Somaliland deal: Paving the path for conflict or independence?

By Emma Cowen

The self-proclaimed republic of Somaliland started the year with a bang as it struck a deal with Ethiopia on New Year’s Day, agreeing to lose parts of its coastline. Despite having declared its independence from Somalia in 1991, and from being a British protectorate, no country plans on recognising it … until now.

A memorandum of understanding effectively authorised Ethiopia to lease one of Somaliland’s naval bases, giving access to part of Somaliland’s strategic Berbera port in the Red Sea for the span of fifty years. Having lost its ports due to Eritrea’s secession in the early 1990s, landlocked Ethiopia can thus satisfy its expansionist appetite by exploiting Somaliland’s own port for commercial and military purposes.
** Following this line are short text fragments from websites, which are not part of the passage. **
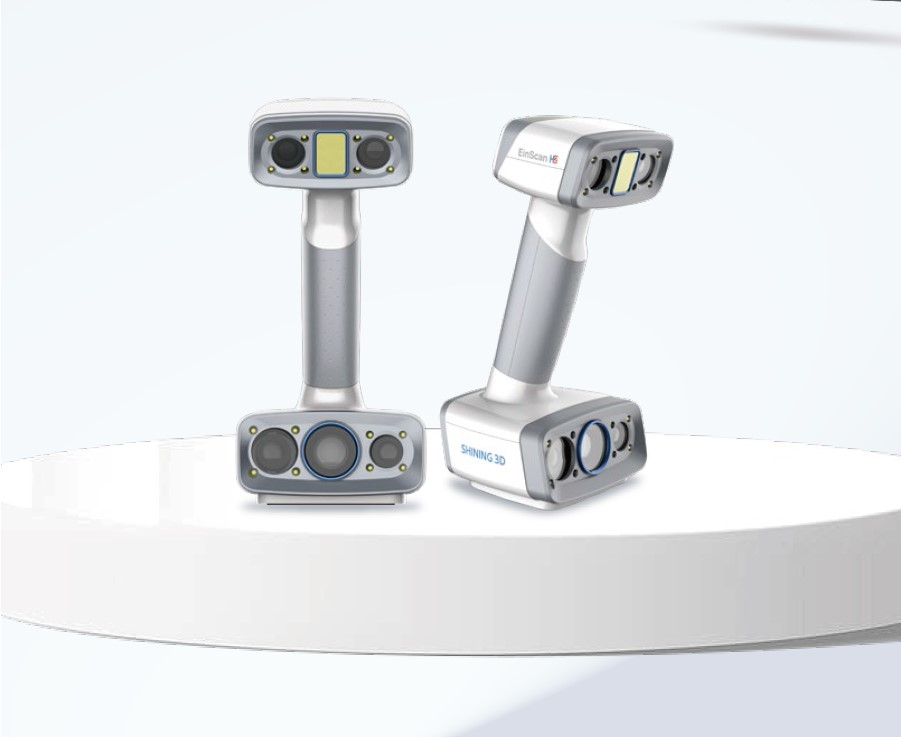 SHINING 3D - EinScan H2 掃描器符合人體工學設計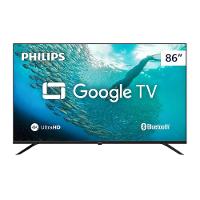 Smart TV LED 86" Ultra HD 4K Philips 86PUG7019/78 com Google TV, Comando de Voz, Wi-Fi, Entradas HDMI e USB - 1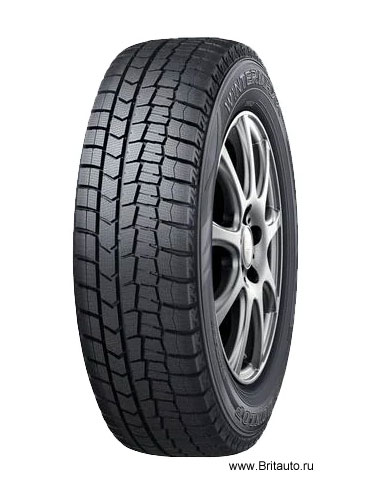 Автомобильная шина Dunlop Winter Maxx WM02 235/45 R18 94T, зима, без шипов.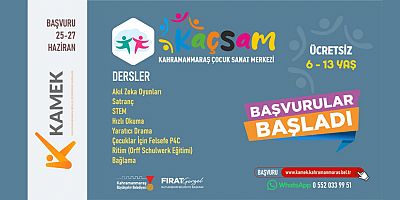 HAYDİ ÇOCUKLAR, YAZ TATİLİNİ KAÇSAM’DA DEĞERLENDİRMEYE!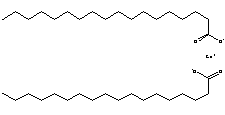 硬脂酸镉结构式_2223-93-0结构式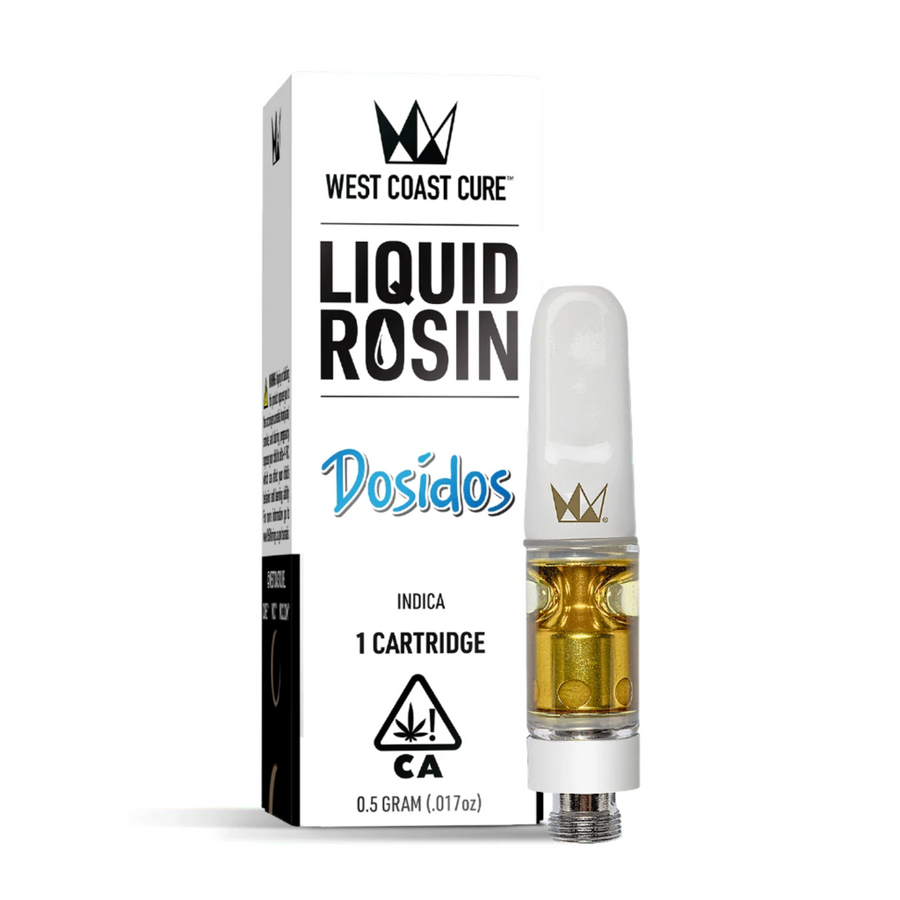 Dosidos Liquid Rosin Cartridge 0.5g (West Coast Cure)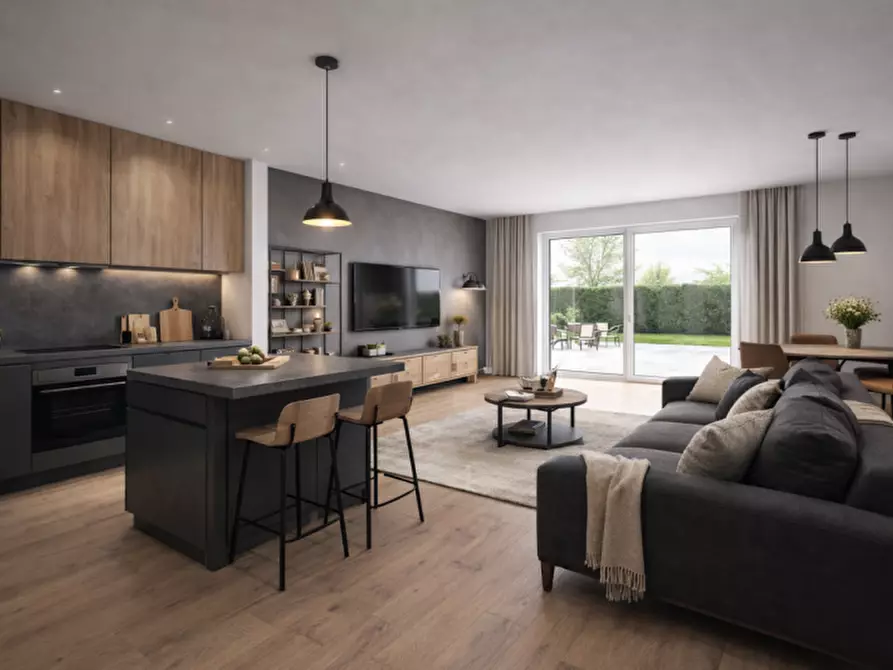 Immagine 8 di Casa quadrifamiliare in vendita  in Strada del Bigolo 22 a Noale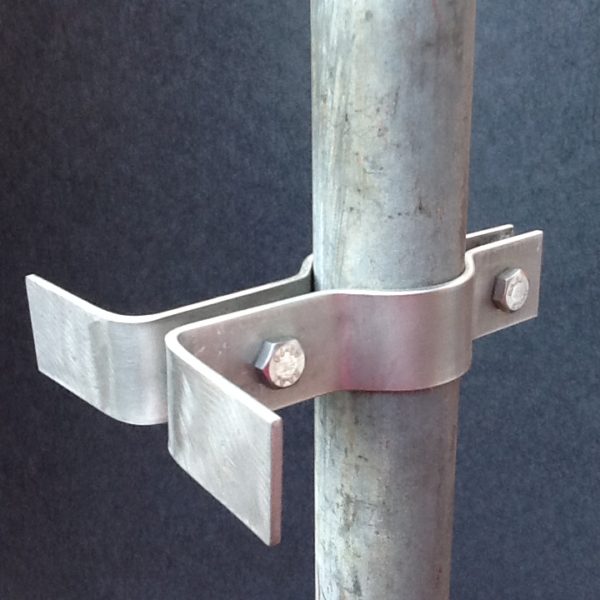 Scaffolding Security Camera Pole Bracket Stainless Steel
In return, Somaliland will be the first foreign government to benefit from a share in the immensely lucrative Ethiopia Airlines, and most importantly will benefit from Ethiopia’s “assessment” towards the recognition of Somaliland as a state: the first time a country has ever done so.

Claiming sovereignty over the breakaway state of Somaliland that joined Somalia from 1960 until 1991, the latter expressed anger at this deal made without its approval, describing it as an act of aggression, regardless of whether Ethiopia expressed no intent to wage a war. Days following the announcement, the African Union commission, the Oromo Liberation Front and the European Union advocated for the pacification of relations between Somalia and Ethiopia, whilst the US state department expressed concerns around the repercussions of such a deal. Protests against the deal flooded the streets of Somalia’s capital Mogadishu as its president, Hassan Sheikh Mohamud, rejected the deal, signing a law nullifying it on 6 January, possibly precipitating political turmoil in the Horn of Africa.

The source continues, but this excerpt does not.